■ Required action ■
A verbatim reproduction of the lines below, from the line containing "Astilbe (J) 'Deutschland'" through the line containing "What Do Clownfish", both ends included, is the whole required output.

■ Available records ■
-- Opening Marker --

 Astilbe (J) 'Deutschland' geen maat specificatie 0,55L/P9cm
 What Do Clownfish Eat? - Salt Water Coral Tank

-- Closing Marker --
-- Opening Marker --

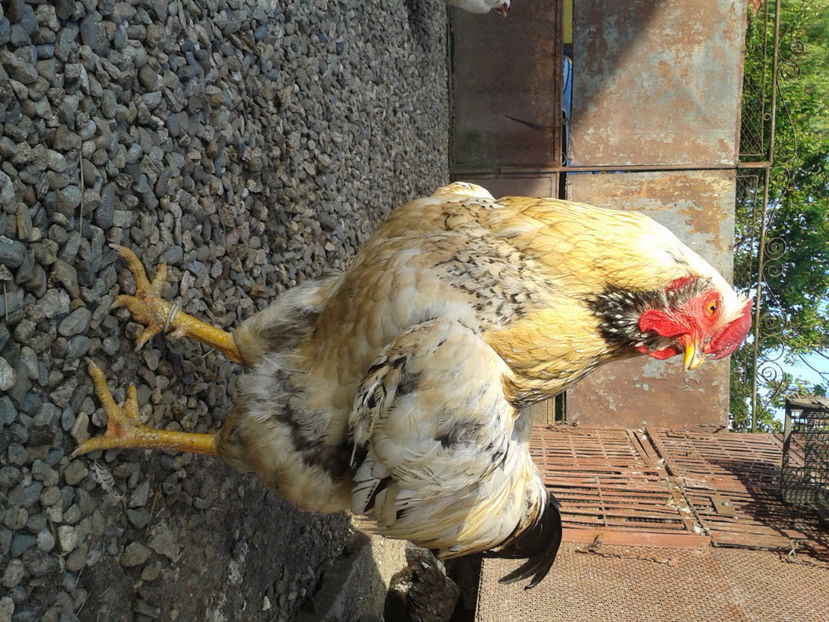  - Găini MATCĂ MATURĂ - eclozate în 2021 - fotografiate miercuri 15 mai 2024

-- Closing Marker --
-- Opening Marker --

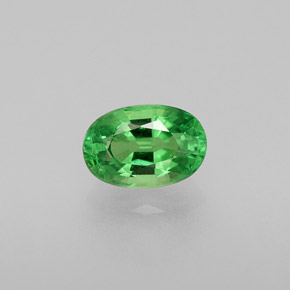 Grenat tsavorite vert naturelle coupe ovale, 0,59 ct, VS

-- Closing Marker --

■ Answer area ■
 Astilbe (J) 'Deutschland' geen maat specificatie 0,55L/P9cm
 What Do Clownfish Eat? - Salt Water Coral Tank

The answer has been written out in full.